EU Del: exploring the onset of pulsation-driven winds in giant stars

TL;DR

This study investigates the wind-driving mechanism in giant stars, focusing on EU Del, and suggests pulsations may significantly influence mass loss, challenging the idea that dust radiation pressure alone drives stellar winds.

Contribution

It provides new observational data on EU Del's wind properties and proposes pulsations as a key factor in wind acceleration, contrasting with traditional dust-driven models.

Findings

EU Del has a wind velocity of 9.51 km/s.

Mass-loss rate is a few times 10^{-8} solar masses per year.

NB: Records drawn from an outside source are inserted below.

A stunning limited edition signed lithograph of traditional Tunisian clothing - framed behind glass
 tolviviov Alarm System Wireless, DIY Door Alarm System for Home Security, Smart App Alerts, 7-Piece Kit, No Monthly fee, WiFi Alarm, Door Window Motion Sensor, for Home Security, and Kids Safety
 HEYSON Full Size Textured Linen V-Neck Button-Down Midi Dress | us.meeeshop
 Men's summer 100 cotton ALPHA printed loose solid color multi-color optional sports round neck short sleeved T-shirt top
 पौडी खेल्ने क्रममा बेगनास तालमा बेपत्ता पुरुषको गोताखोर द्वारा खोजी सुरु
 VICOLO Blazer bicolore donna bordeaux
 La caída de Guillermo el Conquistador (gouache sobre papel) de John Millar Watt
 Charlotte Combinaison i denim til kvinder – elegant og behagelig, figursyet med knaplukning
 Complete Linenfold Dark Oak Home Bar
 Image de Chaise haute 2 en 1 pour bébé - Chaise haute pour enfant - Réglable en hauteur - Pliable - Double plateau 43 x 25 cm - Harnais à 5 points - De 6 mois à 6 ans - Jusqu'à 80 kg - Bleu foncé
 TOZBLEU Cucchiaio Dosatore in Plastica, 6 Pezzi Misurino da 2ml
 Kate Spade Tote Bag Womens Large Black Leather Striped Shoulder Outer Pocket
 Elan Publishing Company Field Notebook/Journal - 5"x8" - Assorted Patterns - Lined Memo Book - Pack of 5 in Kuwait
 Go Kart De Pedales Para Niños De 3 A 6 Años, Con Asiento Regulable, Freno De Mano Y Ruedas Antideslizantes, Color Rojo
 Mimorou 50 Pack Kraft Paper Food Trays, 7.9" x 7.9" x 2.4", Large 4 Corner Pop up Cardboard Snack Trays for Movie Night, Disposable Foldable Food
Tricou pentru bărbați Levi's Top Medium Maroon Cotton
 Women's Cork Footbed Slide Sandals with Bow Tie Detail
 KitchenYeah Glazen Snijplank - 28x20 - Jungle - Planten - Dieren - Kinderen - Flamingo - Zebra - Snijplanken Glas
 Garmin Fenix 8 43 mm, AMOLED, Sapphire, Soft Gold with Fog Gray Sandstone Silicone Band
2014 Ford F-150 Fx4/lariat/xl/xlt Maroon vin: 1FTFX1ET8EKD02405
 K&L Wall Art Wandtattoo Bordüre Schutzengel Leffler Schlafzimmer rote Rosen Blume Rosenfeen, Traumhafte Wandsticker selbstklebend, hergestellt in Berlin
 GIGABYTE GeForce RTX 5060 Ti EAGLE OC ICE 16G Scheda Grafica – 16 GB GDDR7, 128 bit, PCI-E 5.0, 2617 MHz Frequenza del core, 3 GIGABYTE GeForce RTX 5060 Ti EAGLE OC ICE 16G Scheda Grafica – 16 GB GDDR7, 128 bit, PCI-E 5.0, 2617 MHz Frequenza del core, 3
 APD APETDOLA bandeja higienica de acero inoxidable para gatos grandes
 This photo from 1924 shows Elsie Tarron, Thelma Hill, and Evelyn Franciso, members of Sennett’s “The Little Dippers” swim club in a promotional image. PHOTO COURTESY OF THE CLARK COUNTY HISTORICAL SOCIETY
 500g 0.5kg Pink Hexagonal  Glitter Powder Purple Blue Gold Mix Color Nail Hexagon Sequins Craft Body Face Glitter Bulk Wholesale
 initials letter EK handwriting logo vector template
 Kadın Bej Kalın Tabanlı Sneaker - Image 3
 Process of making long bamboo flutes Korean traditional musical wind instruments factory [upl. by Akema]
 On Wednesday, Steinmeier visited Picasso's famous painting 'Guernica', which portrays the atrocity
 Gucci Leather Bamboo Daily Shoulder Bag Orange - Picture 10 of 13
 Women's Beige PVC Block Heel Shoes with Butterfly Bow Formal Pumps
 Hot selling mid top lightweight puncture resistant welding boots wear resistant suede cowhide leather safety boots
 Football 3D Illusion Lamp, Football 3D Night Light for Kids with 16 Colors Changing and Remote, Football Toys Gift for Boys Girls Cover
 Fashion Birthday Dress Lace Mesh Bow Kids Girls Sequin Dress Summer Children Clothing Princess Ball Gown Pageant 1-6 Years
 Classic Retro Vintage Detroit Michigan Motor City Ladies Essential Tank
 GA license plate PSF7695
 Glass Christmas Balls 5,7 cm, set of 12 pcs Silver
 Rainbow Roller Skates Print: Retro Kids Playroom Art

Pulsations may significantly contribute to wind driving.

Abstract

We explore the wind-driving mechanism of giant stars through the nearby (117 pc), intermediate-luminosity ($L \approx 1600$ L$_\odot$) star EU Del (HIP 101810, HD 196610). APEX observations of the CO (3--2) and (2--1) transitions are used to derive a wind velocity of 9.51 $\pm$ 0.02 km s$^{-1}$, a $^{12}$C/$^{13}$C ratio of 14 $^{+9}_{-4}$, and a mass-loss rate of a few $\times$ 10$^{-8}$ M$_\odot$ yr$^{-1}$. From published spectra, we estimate that the star has a metallicity of [Fe/H] = --0.27 $\pm$ $\sim$0.30 dex. The star's dusty envelope lacks a clear 10-$\mu$m silicate feature, despite the star's oxygen-rich nature. Radiative transfer modelling cannot fit a wind acceleration model which relies solely on radiation pressure on condensing dust. We compare our results to VY Leo (HIP 53449), a star with similar temperature and luminosity, but different pulsation properties. We suggest the much stronger mass loss from EU Del may be driven by long-period stellar pulsations, due to its potentially lower mass. We explore the implications for the mass-loss rate and wind velocities of other stars.